Robert's is deeply impacted by Wenar's argument, but brings up concerns about both Wenar's somewhat interventionist-sounding plea that the government ban trade with such despots, pointing out that the criteria for a despot are somewhat subjective: why should we attack Equatorial Guinea's leader's savage exploitation of oil while ignoring China's more mild exploitation of labor? Wenar's main argument is that, while labor exploitation is bad, natural resources present something of a unique case. His arguments for this are good, but I would suggest a couple of critiques of both Wenar's solutions, and Robert's concerns:

First, I'd recommend that, rather than seeking to establish an objective criteria for how much despotism is too much despotism (at which point government sanctions need to take over), we would be wiser to mandate transparency: let the public know what they're buying (i.e. gas stations post what percentage of their oil is purchased from what market - Wenar intends to begin posting such data to his website in the near future).

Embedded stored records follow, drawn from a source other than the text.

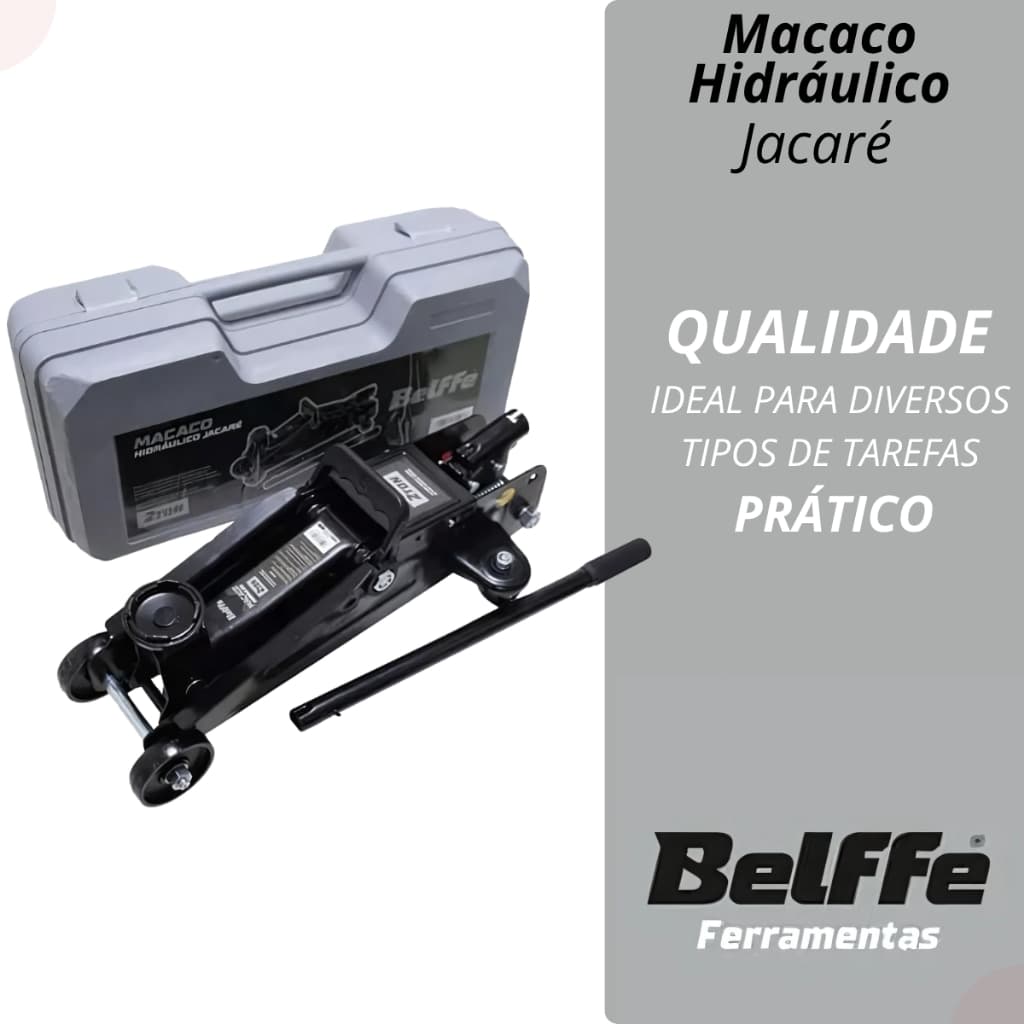 Macaco Hidráulico Tipo Jacaré Profissional Suporta Até 2 Toneladas C/ Maleta Para Veículos Universal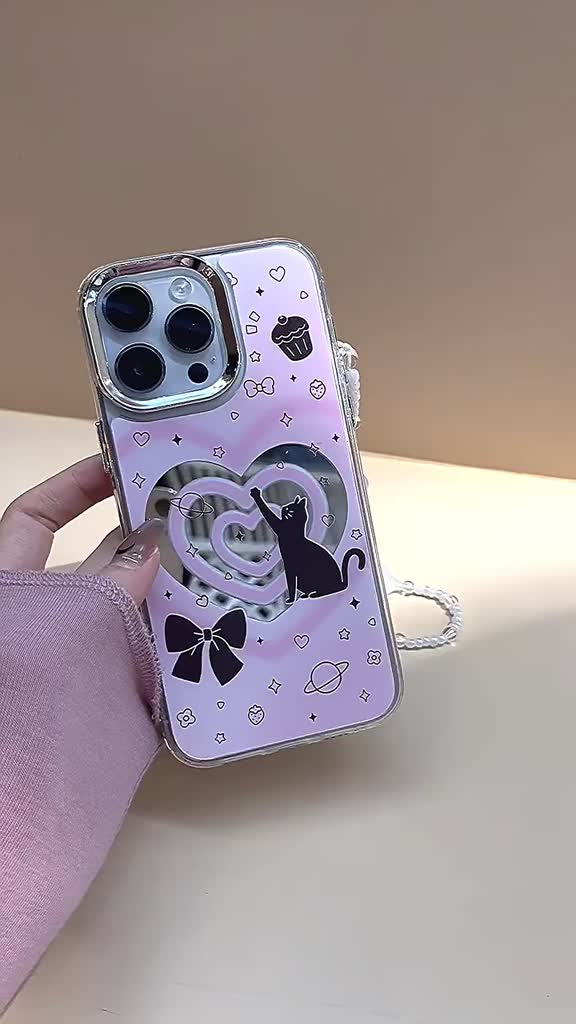 เคสโทรศัพท์มือถือ-ประดับลูกปัดกระจก-ลายแมวน่ารัก-กันสิ่งสกปรก-พร้อมสายคล้องข้อมือ-สําหรับ-iphone-11-14-pro-max-12pro-13promax-xs-xr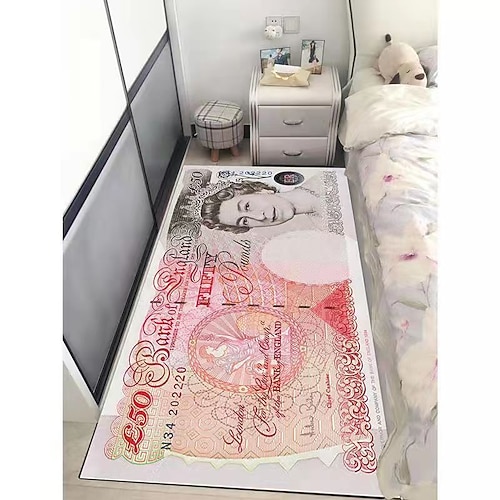 Kreativer Dollar-Teppich, Bodenmatte mit Gelddesign für Küche, Schlafzimmer, Nachttisch, Eingangsbereich und Heimdekoration Image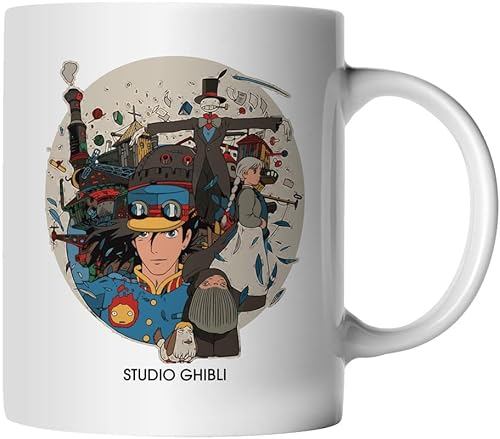 DragonHive Tasse - Studio Ghibli Motiv 10 - beidseitig Bedruckt - Geschenk Idee Kaffeetasse mit Spruch, Keramik 330ml, Tassenfarbe: Schwarz von DragonHive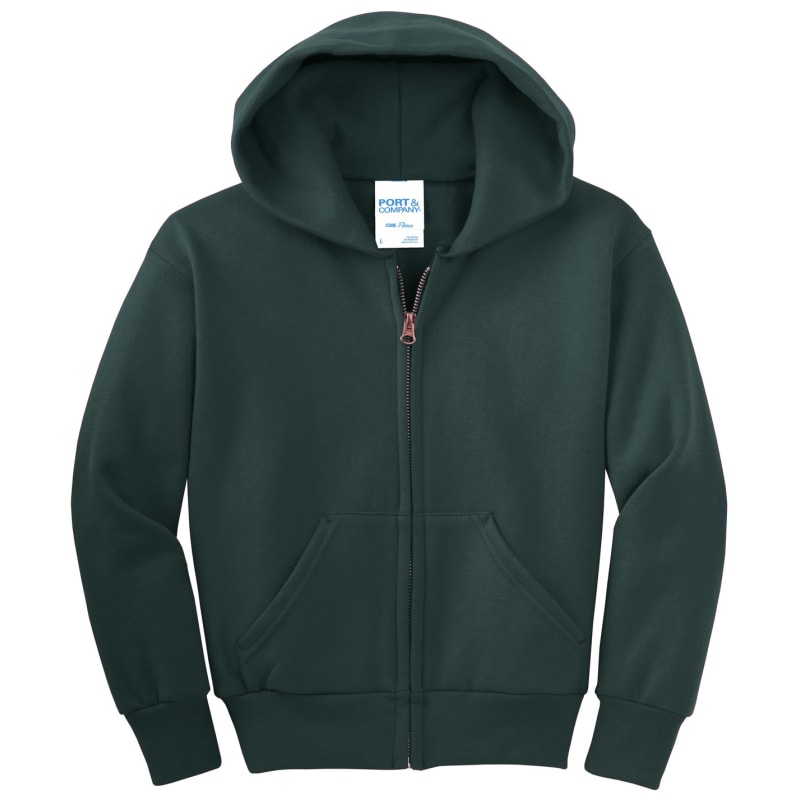 Port & Company - Youth Core Fleece Full-Zip Hooded Sweatshirt. 93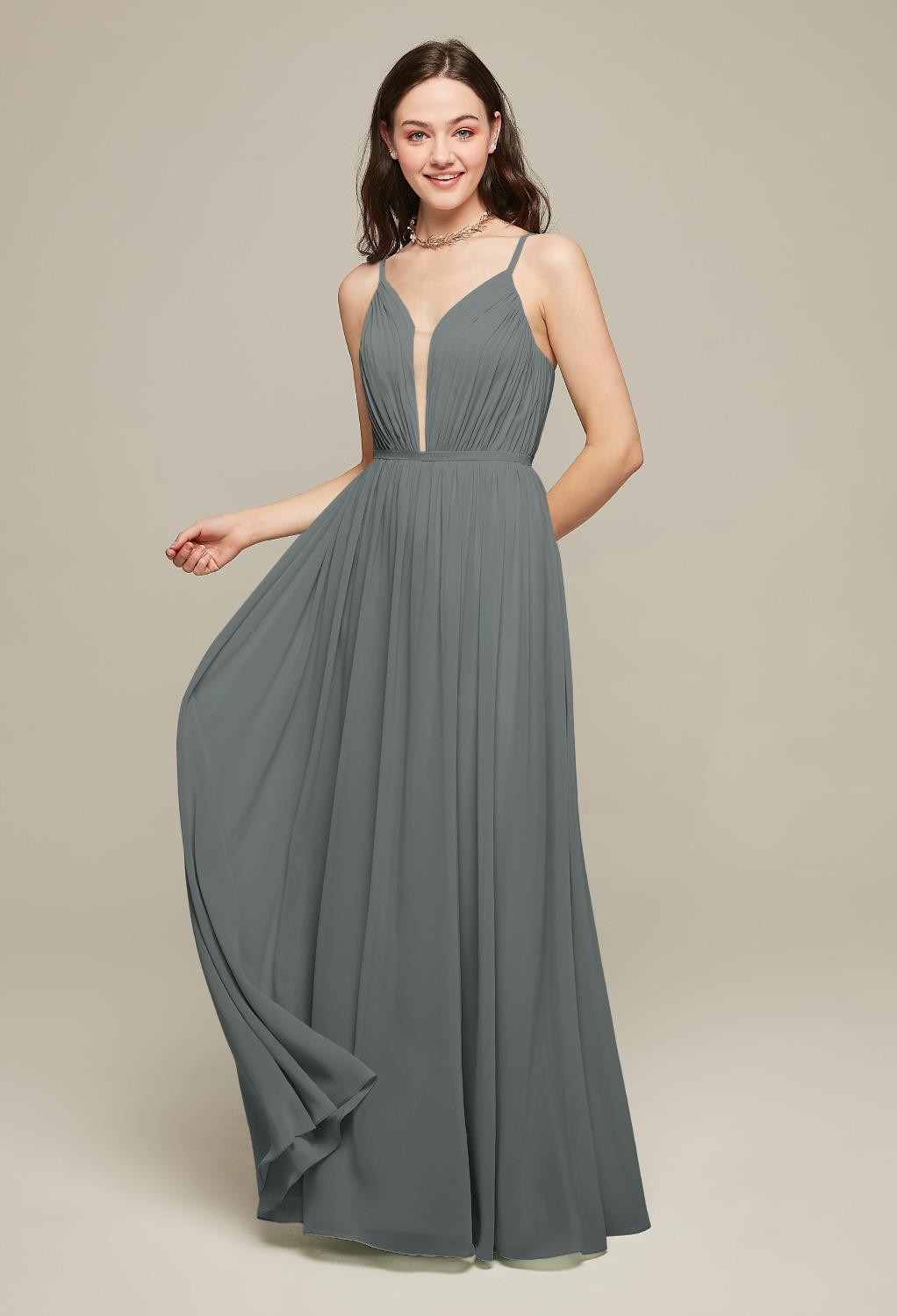 The A-line design of the Yvette dress makes it a flattering choice for any lady. The pleats and plunging neckline combine with the thigh-length split to add a romantic charm that you'll completely fall in love with. The dress is offered in a numbe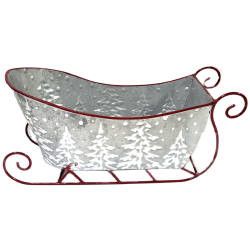 Metal sleighs with tree design 14.2"x5.2"x7"H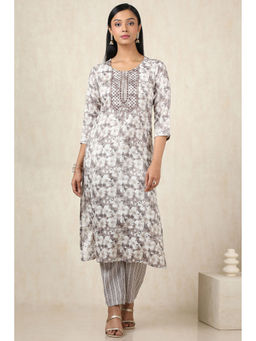 Soch - Women's Earth Rayon Botanical Kurta & Pant With Zari (Set of 2)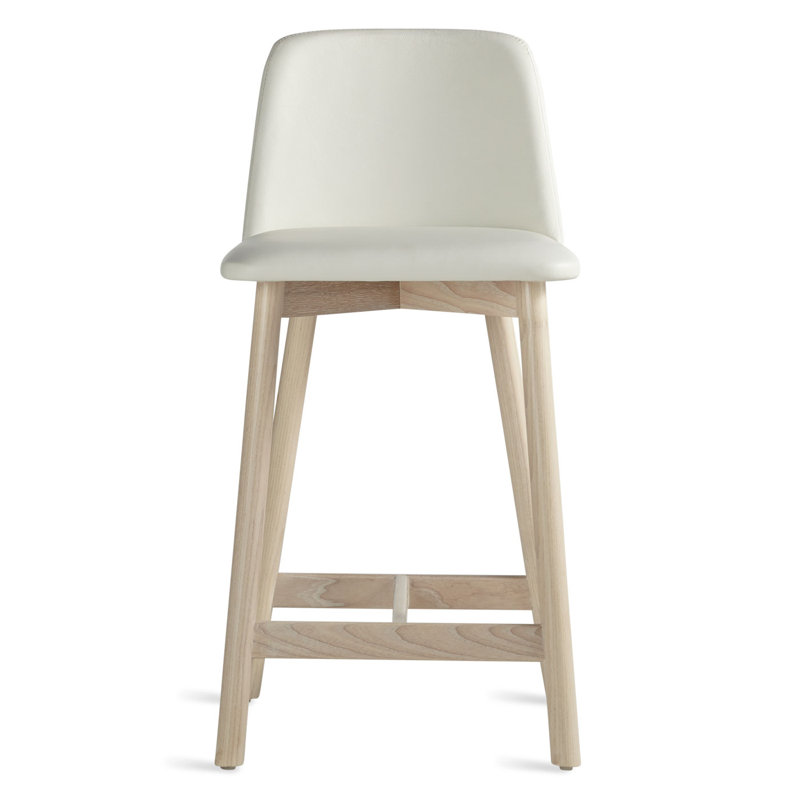Tabouret Chip, Tabouret de comptoir (siège d'une hauteur de 25,1, Cuir véritable blanc, Frêne blanc délavé
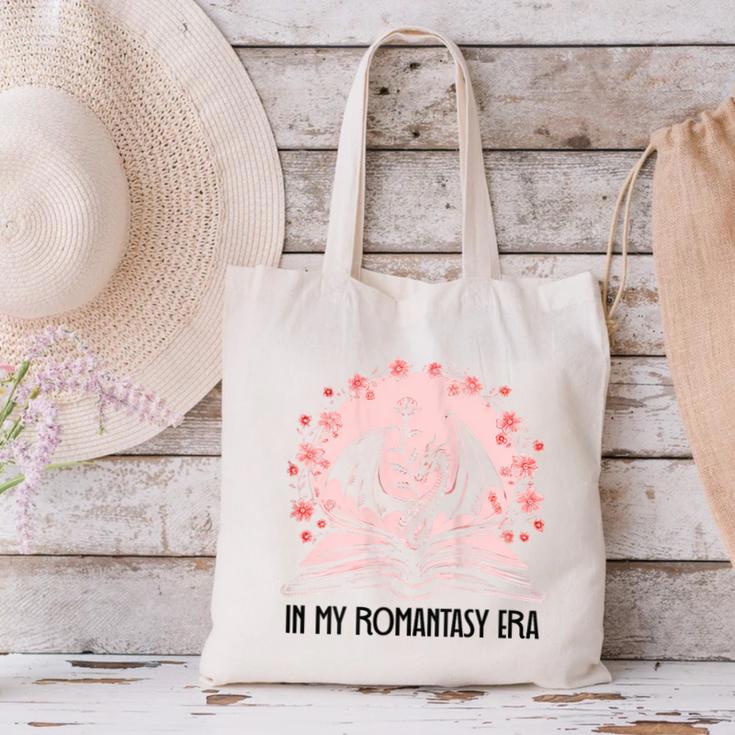 Book Dragon In My Fantasy Era Romantasy Bookish Books Lovers Canvas Tote Bag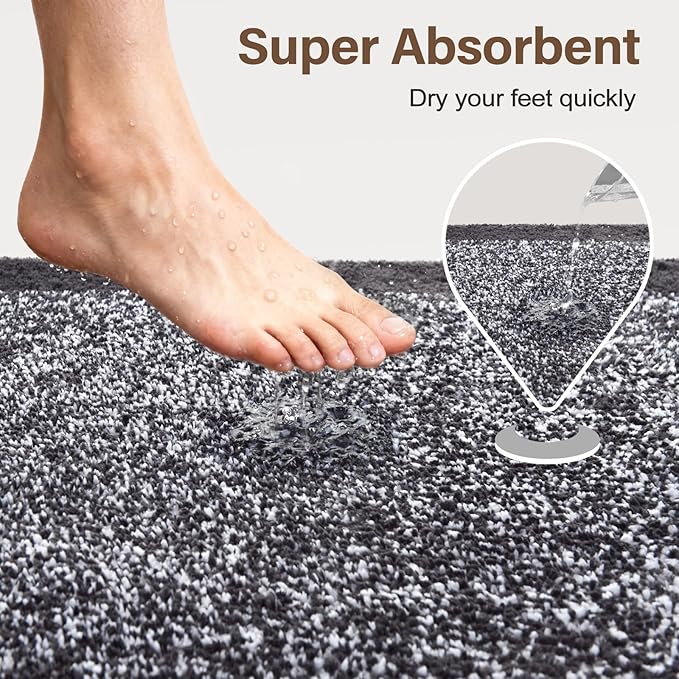 60x24 Long Bathroom Rugs Washable Non Slip, Dark Grey Bath Mat for Bathroom Floor Tub, Soft Absorbent Quick Dry Mats for Shower, Bathtub,Home Decor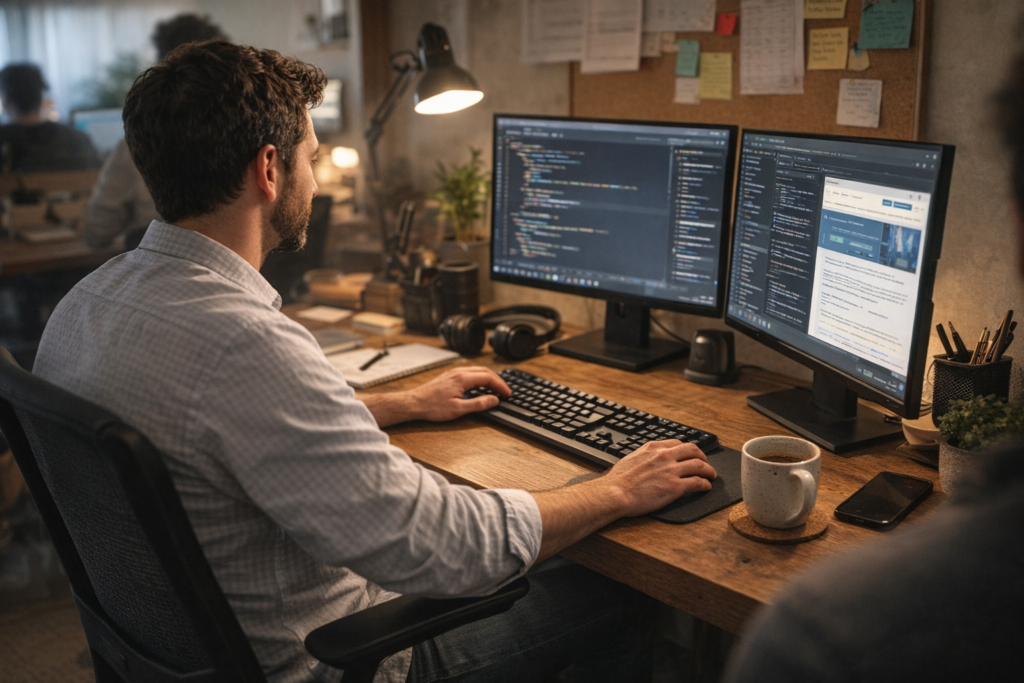 A web developer working at a desk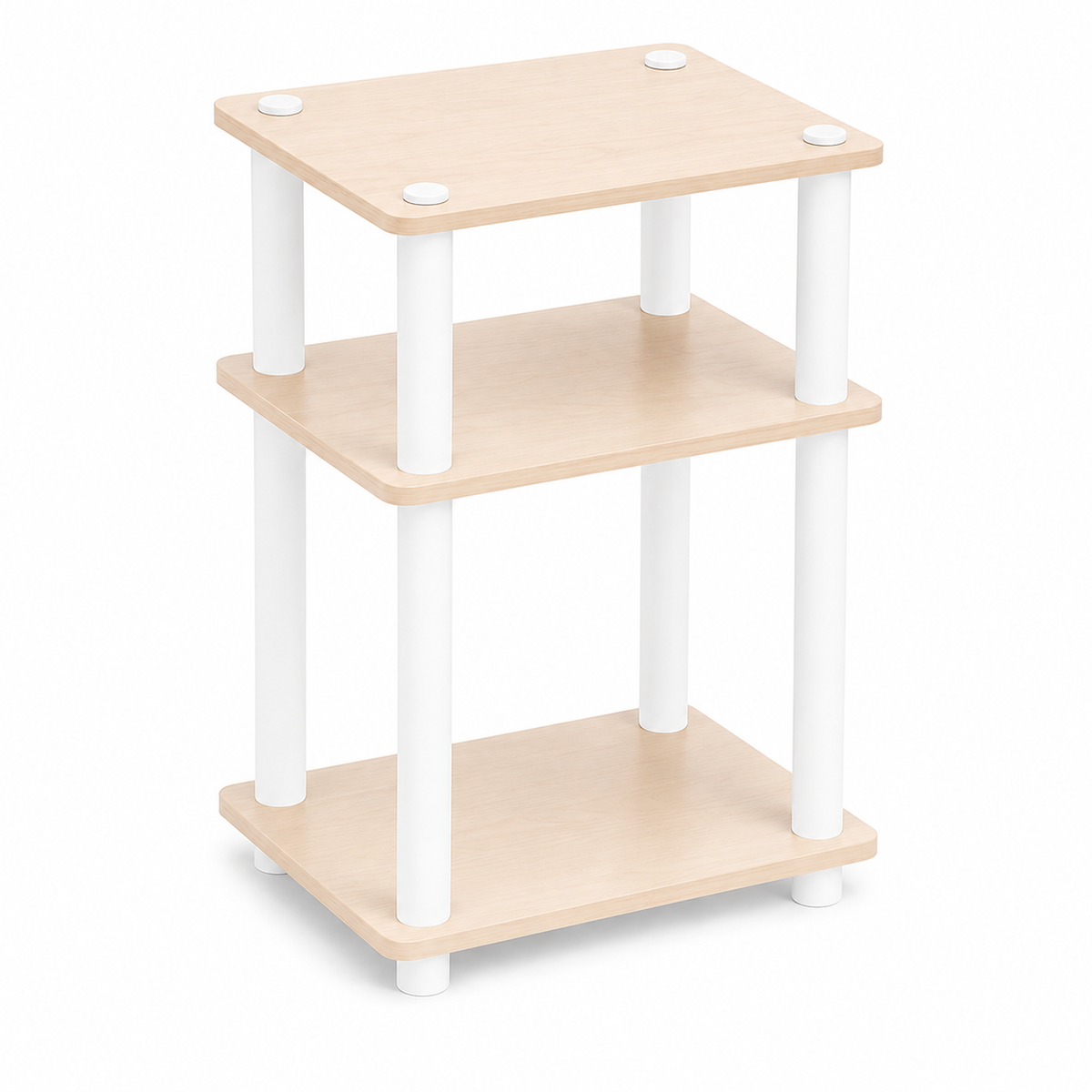 Scaffale 3 ripiani effetto rovere chiaro con supporti bianchi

Second, and this plays into the first answer: we need to acknowledge that there is a spectrum between despotism and ideal economic freedom: Robert's point about how to decide that Equatorial Guinea is too despotic but China is okay can be extrapolated to point out that the US isn't perfect in economic freedom, but it's a lot better than Equatorial Guinea. We need to avoid making the perfect the enemy of the good: by not regulating the outcome but requiring transparency from merchants the public can exercise subjective judgement about how much encroachment is too much, and the market can work against truly despotic situations like Saudi Arabia and Equatorial Guinea while exercising more caution in our treatment of China or the US.